=== Record excerpts ===
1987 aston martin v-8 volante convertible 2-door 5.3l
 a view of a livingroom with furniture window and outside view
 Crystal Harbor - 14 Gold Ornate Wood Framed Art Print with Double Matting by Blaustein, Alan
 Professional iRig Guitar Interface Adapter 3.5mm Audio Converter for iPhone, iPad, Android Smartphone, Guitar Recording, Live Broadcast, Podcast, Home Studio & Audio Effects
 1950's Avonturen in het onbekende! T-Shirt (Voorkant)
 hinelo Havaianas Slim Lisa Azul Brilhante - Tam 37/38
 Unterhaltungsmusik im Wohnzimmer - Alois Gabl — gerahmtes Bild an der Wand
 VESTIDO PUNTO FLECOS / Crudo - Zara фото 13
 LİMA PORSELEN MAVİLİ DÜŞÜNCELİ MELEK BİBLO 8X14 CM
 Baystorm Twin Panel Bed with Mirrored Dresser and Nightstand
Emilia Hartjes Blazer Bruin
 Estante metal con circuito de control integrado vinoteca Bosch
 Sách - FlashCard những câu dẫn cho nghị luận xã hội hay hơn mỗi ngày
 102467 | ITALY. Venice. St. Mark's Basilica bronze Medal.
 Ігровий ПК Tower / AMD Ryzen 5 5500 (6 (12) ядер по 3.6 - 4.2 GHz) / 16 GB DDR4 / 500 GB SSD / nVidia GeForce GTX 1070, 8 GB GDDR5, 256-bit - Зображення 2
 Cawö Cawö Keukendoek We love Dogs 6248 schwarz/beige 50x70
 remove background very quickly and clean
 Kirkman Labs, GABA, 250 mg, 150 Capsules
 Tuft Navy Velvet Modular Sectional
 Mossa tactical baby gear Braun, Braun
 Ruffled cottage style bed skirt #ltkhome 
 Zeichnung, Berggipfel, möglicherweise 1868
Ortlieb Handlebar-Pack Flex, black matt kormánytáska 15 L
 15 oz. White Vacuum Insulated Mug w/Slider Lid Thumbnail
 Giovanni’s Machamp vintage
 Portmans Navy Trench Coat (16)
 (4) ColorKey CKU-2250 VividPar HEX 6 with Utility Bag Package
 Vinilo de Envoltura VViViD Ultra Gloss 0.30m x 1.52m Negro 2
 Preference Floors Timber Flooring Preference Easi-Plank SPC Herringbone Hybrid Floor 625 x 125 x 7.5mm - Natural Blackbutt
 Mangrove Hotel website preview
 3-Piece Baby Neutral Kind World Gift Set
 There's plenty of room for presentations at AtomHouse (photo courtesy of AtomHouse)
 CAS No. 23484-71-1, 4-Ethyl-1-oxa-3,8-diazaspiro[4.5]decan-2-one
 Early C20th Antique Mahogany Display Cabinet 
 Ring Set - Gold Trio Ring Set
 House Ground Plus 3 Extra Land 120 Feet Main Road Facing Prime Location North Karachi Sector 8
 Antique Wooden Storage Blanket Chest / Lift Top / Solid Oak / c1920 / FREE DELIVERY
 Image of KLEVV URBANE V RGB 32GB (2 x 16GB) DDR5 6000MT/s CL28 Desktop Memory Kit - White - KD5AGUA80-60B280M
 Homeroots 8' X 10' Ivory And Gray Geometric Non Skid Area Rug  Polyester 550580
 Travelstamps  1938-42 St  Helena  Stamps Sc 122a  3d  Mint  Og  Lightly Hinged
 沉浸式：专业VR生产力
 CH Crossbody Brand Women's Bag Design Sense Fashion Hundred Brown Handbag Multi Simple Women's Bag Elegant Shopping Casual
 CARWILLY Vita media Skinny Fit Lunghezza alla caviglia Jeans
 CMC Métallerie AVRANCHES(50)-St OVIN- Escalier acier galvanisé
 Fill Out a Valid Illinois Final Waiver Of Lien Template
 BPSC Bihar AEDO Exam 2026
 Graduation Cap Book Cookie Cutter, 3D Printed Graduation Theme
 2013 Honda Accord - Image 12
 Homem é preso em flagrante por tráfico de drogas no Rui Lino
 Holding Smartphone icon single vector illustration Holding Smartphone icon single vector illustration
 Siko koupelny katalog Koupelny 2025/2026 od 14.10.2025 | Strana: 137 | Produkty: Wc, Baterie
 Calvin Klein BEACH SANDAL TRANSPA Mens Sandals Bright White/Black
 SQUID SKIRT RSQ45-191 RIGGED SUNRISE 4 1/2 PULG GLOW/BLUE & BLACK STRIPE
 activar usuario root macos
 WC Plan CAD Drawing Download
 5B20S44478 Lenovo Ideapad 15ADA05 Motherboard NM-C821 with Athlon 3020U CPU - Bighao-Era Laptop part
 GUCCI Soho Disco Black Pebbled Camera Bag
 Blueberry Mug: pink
===
* **To do**: Starting at the line with "There's plenty of" and ending at the line with "CARWILLY Vita media", print each line of the listing above exactly, with no other lines.

* **Finished task**:
 There's plenty of room for presentations at AtomHouse (photo courtesy of AtomHouse)
 CAS No. 23484-71-1, 4-Ethyl-1-oxa-3,8-diazaspiro[4.5]decan-2-one
 Early C20th Antique Mahogany Display Cabinet 
 Ring Set - Gold Trio Ring Set
 House Ground Plus 3 Extra Land 120 Feet Main Road Facing Prime Location North Karachi Sector 8
 Antique Wooden Storage Blanket Chest / Lift Top / Solid Oak / c1920 / FREE DELIVERY
 Image of KLEVV URBANE V RGB 32GB (2 x 16GB) DDR5 6000MT/s CL28 Desktop Memory Kit - White - KD5AGUA80-60B280M
 Homeroots 8' X 10' Ivory And Gray Geometric Non Skid Area Rug  Polyester 550580
 Travelstamps  1938-42 St  Helena  Stamps Sc 122a  3d  Mint  Og  Lightly Hinged
 沉浸式：专业VR生产力
 CH Crossbody Brand Women's Bag Design Sense Fashion Hundred Brown Handbag Multi Simple Women's Bag Elegant Shopping Casual
 CARWILLY Vita media Skinny Fit Lunghezza alla caviglia Jeans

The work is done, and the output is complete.